I didn't have a cell phone, yet. So I must have called from the payphone at the station. I don't remember what I told Sonia when I called her. I stopped at the
little corner store at 9th and Stewart while I waited for the bus. What's the first bus out of here? Spokane? OK, One way to Spokane, please. That's how I want to remember it, anyway. But the first bus was going to Olympia, and that wasn't far enough. So I waited for the second, the Spokane one. It left at 6:15pm. In my memory, it was already the dead of night. I suppose in Seattle at that time of year, it's dark by 4:30.

I had one change of clothes in my backpack from work. I bought a box of Triscuits, a tin of cream cheese, and some candy.

I sat on the left side of the bus. Halfway back, or so. No one next to me. I counted cars, and tried to figure out if the flashes over Bellevue were lightning or searchlights. I was on the road, without a plan. But the world was as narrow as my seat, at that point. Narrow and closing. I had a one way ticket on the first bus that was really leaving, and now I was on it. No idea where I was really going.

I've been hearing from people, for the last few days. Small comments and long emails. With images I never saw, and pictures I'd forgotten. Emails that start with
"it strikes me that the canyons where we were left in isolation were perhaps similar to the ones where the friends lost to suicide had lived,"
or
"I just started typing. It's long, and personal, and random."
With the kind of memories that stick, like,
"I began to drink too much. I lost my driver's license in a pair of pants after bowling one night, having forgotten it was there."

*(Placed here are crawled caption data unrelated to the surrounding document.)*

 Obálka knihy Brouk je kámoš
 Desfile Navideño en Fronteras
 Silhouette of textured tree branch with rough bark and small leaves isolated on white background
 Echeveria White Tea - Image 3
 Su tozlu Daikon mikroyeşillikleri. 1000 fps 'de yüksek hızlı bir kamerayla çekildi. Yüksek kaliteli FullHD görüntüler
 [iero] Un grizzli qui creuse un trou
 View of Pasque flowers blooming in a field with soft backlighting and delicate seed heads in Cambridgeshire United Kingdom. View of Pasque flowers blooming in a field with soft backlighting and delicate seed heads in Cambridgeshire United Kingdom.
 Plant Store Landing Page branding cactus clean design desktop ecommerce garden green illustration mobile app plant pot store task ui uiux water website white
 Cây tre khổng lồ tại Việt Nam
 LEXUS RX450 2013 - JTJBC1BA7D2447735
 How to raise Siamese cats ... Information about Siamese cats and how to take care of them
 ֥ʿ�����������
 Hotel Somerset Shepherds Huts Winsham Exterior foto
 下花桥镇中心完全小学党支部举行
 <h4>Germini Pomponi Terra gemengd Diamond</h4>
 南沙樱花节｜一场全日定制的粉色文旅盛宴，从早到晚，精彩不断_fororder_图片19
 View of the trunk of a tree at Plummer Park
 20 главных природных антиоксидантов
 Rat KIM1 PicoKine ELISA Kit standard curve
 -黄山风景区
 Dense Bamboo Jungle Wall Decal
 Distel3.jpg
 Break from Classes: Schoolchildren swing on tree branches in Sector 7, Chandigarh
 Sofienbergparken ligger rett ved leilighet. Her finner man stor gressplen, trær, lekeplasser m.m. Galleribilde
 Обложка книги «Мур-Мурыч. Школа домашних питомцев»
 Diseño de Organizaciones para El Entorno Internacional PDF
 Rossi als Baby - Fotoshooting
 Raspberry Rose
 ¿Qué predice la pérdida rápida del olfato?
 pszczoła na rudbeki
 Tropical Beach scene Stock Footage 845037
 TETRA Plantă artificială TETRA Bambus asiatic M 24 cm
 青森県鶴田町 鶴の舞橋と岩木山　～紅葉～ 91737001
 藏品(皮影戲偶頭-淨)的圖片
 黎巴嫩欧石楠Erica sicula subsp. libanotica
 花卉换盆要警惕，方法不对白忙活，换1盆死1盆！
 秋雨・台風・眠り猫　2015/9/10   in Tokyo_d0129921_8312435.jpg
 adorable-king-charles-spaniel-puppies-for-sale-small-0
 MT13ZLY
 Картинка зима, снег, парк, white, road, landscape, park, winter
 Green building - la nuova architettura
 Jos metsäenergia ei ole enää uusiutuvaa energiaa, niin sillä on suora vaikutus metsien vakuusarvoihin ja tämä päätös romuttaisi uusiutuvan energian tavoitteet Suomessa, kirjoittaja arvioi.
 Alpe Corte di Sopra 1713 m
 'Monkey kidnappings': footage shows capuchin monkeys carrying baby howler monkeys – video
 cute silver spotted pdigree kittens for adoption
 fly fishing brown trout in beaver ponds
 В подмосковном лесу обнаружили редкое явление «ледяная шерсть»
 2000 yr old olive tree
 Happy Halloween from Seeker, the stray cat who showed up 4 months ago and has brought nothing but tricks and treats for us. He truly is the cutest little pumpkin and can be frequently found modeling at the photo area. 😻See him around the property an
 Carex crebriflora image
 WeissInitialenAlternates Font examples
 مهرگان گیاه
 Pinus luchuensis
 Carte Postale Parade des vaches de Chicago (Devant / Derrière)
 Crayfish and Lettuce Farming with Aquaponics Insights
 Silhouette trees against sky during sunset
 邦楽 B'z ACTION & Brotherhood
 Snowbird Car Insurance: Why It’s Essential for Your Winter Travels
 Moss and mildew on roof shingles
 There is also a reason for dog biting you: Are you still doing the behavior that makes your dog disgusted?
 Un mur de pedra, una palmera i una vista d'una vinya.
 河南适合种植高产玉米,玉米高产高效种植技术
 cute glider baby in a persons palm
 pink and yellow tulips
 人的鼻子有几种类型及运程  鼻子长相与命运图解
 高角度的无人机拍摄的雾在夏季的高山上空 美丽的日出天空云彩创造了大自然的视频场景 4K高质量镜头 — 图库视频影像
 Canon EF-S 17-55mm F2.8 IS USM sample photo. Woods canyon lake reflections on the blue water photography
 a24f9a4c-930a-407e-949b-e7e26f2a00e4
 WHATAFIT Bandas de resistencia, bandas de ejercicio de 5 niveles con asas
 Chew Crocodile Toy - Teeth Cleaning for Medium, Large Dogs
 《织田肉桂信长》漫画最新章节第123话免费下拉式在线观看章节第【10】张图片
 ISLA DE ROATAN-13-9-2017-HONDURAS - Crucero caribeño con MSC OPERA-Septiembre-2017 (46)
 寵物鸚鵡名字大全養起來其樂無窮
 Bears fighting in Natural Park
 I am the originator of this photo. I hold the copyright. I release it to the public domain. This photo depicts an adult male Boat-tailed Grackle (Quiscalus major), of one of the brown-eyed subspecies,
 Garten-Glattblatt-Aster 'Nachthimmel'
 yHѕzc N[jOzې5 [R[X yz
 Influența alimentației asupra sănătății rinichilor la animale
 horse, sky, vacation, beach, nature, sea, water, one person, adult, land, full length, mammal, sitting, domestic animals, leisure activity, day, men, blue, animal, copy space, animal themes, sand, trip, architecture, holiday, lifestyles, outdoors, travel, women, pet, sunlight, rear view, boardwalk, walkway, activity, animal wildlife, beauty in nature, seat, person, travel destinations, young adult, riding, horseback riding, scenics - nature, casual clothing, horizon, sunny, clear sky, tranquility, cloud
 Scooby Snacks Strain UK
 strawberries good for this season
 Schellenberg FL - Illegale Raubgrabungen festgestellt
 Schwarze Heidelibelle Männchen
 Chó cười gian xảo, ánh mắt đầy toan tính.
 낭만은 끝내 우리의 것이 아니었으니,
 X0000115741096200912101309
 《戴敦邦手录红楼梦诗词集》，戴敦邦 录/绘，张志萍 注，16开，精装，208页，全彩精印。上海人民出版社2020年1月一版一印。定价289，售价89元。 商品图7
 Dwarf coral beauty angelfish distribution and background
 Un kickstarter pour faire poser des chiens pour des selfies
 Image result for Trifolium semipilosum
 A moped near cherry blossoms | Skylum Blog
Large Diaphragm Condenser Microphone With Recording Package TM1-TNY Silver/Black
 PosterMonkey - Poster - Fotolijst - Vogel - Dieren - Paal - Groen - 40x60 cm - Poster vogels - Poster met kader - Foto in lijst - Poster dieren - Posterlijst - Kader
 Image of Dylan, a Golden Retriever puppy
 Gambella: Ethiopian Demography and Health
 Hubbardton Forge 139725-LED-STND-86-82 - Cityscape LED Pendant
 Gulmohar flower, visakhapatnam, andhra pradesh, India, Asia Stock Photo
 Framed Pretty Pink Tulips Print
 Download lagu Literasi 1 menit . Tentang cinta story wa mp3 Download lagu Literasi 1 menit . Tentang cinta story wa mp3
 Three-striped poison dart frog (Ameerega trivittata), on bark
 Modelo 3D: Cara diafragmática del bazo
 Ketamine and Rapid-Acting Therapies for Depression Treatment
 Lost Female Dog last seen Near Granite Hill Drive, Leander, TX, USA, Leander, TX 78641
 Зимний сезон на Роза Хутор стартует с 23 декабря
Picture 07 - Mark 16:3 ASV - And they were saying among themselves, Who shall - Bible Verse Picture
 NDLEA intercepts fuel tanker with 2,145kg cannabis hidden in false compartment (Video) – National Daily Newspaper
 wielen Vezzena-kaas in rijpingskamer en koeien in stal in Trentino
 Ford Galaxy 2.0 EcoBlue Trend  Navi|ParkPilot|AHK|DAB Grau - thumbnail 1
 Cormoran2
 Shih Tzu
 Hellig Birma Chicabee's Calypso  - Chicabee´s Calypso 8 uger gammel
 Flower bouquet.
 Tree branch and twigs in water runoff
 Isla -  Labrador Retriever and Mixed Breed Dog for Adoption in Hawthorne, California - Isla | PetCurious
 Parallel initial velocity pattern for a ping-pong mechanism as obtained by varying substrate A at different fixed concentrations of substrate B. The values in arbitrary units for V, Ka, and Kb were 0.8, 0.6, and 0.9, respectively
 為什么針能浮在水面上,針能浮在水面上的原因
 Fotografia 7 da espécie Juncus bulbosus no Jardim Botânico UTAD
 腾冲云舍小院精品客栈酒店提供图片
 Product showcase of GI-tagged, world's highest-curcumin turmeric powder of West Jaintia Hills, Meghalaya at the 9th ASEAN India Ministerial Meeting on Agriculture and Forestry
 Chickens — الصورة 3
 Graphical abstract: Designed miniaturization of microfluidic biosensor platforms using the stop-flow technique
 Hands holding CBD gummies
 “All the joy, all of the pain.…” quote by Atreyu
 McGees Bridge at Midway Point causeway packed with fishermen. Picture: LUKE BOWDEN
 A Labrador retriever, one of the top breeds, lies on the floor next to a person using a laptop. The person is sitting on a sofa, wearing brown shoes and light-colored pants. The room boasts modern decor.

Where have you run to, when the world closed in around you? What happened in your mind that took you from fight to flight? What weird detail clings to your mind, so that when you turn just so it still comes to you in a flash, unbidden?

3 comments:

Becky Boutch said...

I'm glad you picked up my line about drinking and losing my license. I never lose stuff. Misplace, yes, but altogether lose, no. Not a set of keys, a wallet, money, a license... I went and got a replacement at the DMV in Bothell on my lunch break. My new photo looked like a deer in headlights. A few weeks later I found the old one in my pants and my memory of the evening I put it there was a fog in my brain. It was a wake-up moment for me, that my life would spiral to a bad place if I kept going the way I was.

Anonymous said...

A weird and awful detail ... The way my dad's face looked just before he died. His breath no longer sounded like breathing, it was a very noisy pump on the verge of a breakdown, and just before he let go, there was a moment of pure horror on his face, as though he saw something terrifying on the other side.

I've never told anyone about that; it was the most frightening moment of my life.

Anonymous said...

Sorry, that was the most poorly-written comment I think I've ever left.